Abrazando la exploración culinaria: una nueva receta por semana
Muchas personas caen en la rutina alimentaria y dependen de las mismas comidas repetidamente. Este dietista pretende combatir esto cocinando una nueva receta semanalmente. No se trata sólo de variedad; es una forma de preparación de minicomidas que garantiza una ingesta adecuada de proteínas y fibra a través de porciones preparadas previamente. La clave es reintroducir el disfrute en la cocina, salir de la zona de confort y redescubrir el placer de cocinar.
Apoyando la agricultura local: unirse a una CSA
Los programas de agricultura apoyada por la comunidad (CSA) ofrecen acceso directo a productos frescos de temporada de granjas locales. Si bien la dietista había considerado unirse a uno antes, este año se compromete. El beneficio es doble: apoyar a los agricultores locales e introducir orgánicamente nuevos alimentos en su dieta. El desafío radica en elegir entre las muchas opciones de CSA disponibles en su área.
Reforzar la consistencia del suplemento: ingesta diaria de creatina
El dietista experimentó previamente los beneficios de la suplementación diaria con creatina: aumento de energía, reducción del dolor muscular y mayor ganancia de fuerza. Después de un período de inconsistencia debido a los cambios en su vida, vuelve a comprometerse con una rutina diaria. El enfoque es una integración perfecta: agregar creatina a los alimentos cotidianos como la avena, el yogur o el pudín de chía.
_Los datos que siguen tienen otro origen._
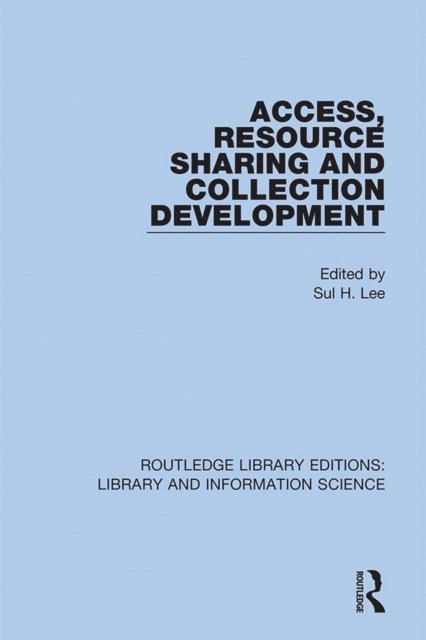 Sul H. Lee - Access, Resource Sharing and Collection Development, E-bok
Las prácticas mezclas de bebidas también eliminan las barreras a la hora de viajar.
Priorizar el consumo de mariscos: 2-3 porciones semanales
A pesar de disfrutar de los mariscos, este dietista históricamente no ha alcanzado los niveles de ingesta recomendados (al menos dos porciones por semana, según las Guías Alimentarias para los Estadounidenses y la Asociación Estadounidense del Corazón). Su objetivo es hacer del marisco una prioridad constante. Esto implica abastecerse de opciones convenientes como salmón y atún enlatados, tener a mano variedades congeladas y explorar servicios de entrega de mariscos.
Estos objetivos no se refieren a un cambio radical, sino a pequeños ajustes sostenibles para mejorar la variedad dietética y reforzar los hábitos de salud establecidos. La atención se centra en la viabilidad y el disfrute, garantizando el cumplimiento a largo plazo en lugar de resoluciones de corta duración.